第16話

「綾瀬くん、ちょっといいかな?廊下に来てくれると嬉しい。階段の踊り場でもいいし。」


今日は雨が降っていて、早めに帰ろうと帰り支度をしている時に女の子たち3人組が紏柚に声をかけた。


「…眠いから、ごめん。」


彼は女の子たちに目もくれず教科書類を揃える手だけを止めて答える。


「時間はそんなに取らせないから!」

「そうそう。ほんとにすぐだから!」


気だるそうな紏柚の言葉を聞いて、残りの2人が食い下がる。

続けて、"篠原さんと一緒に帰るなら待っててもらえばいいじゃん。"と急に指をさされ戸惑う。

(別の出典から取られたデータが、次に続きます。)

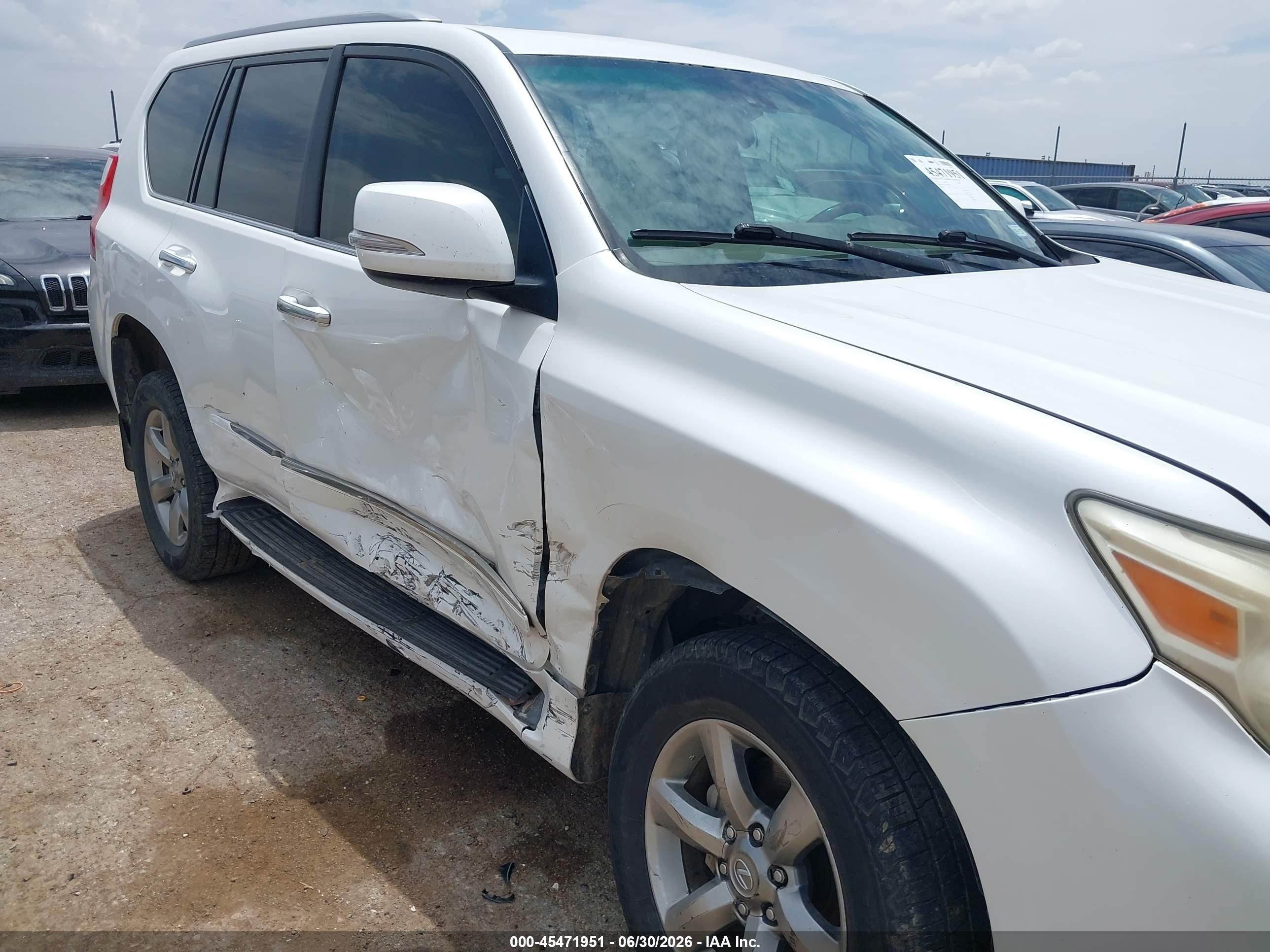 2013 Lexus Gx 460 Premium White vin: JTJJM7FXXD5062680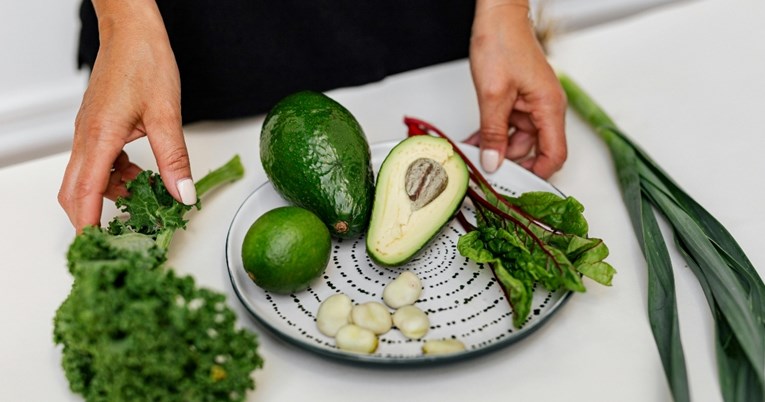 Četiri namirnice koje mogu pomoći u snižavanju kolesterola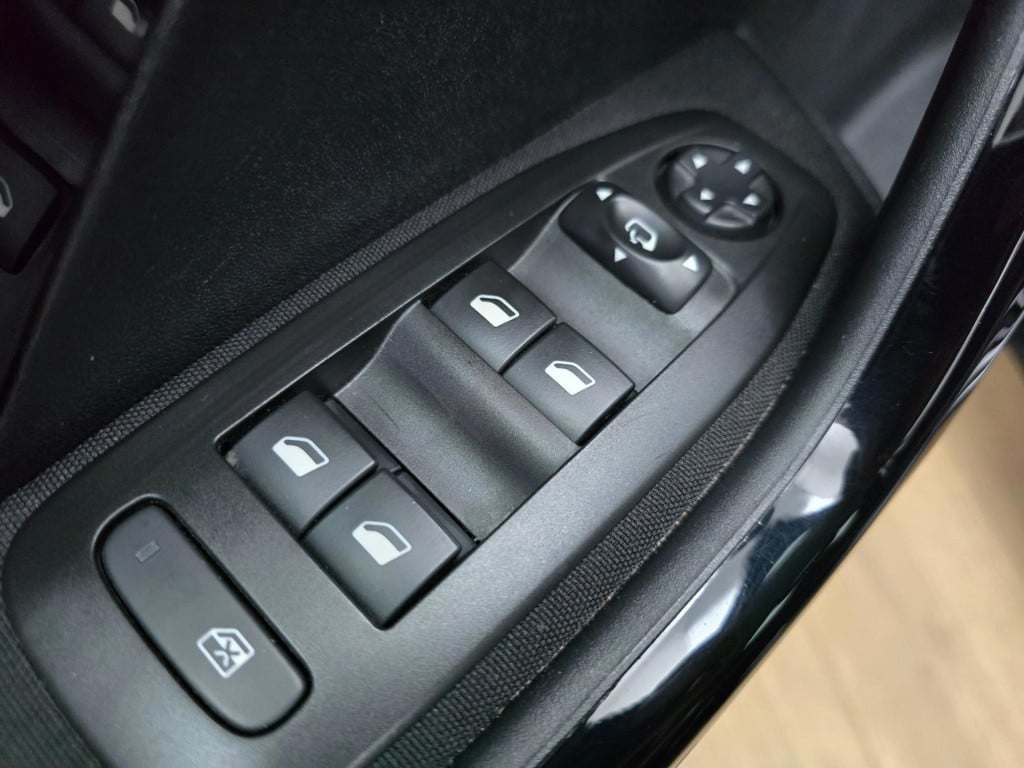 Peugeot 208 occasion 1.2 puretech allure met carplay en cruisecontrol | twe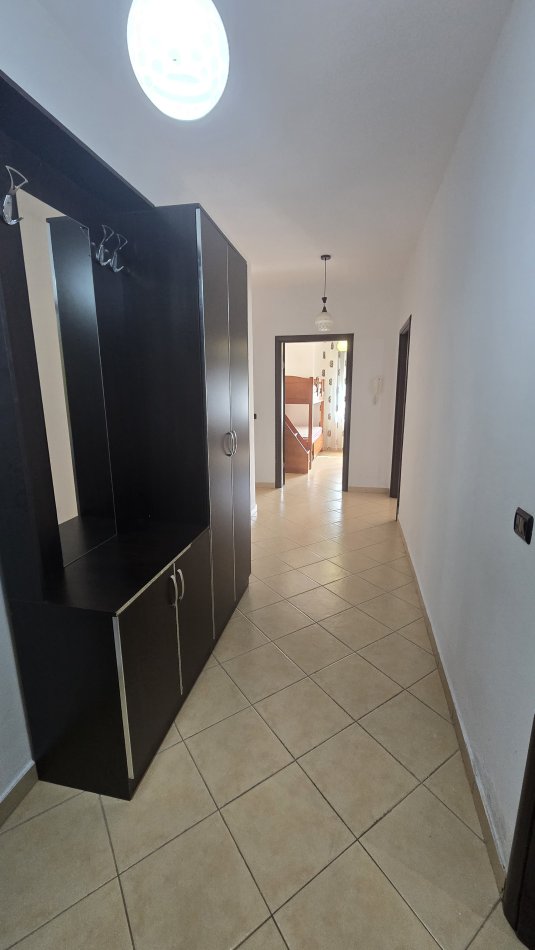 Tirane, jepet me qera apartament 2+1+Ballkon Kati 1, 90 m² 400 € (Rruga e Dajtit)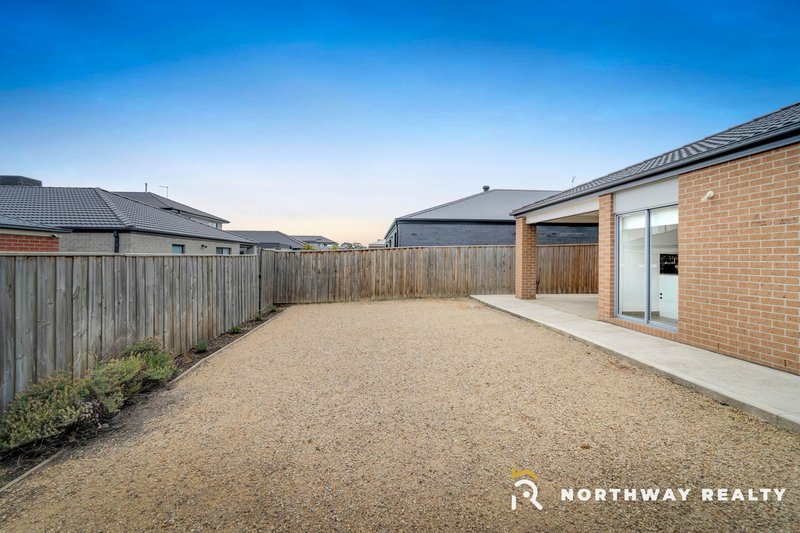 Photo - 24 Sash Street, Greenvale VIC 3059 - Image 13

返事に困っているうちに"篠原さん待っててくれるよね!?"とさらに追い討ちをかけられ、行っておいでと紏柚を見送ってしまった。

これは確実に告白されるんだろうなぁ。

よく知らぬ女の子たちを応援するようなことしてどうするんだ。バカにも程があるだろ私。


「はぁ…」


とにかく紏柚が帰ってきたらもう誰かに捕まる前に一緒に帰ろう。

自分の帰り支度を早々に終わらせて、彼の整えられた教科書類をカバンにしまう。

その時ふと、例の桜色のノートが目に止まる。

手に取ると桜のような香りがふんわり香った。

女性ものの香水だろうか。

中を見たい気持ちと、中を見たらまたモヤモヤするだろうなという気持ちが同時に沸きあがる。

いやいやさすがに二度も他人様のものを勝手に見るわけにはいかない。

私は、何も見なかったことにして、それらをかのカバンに押し込めた。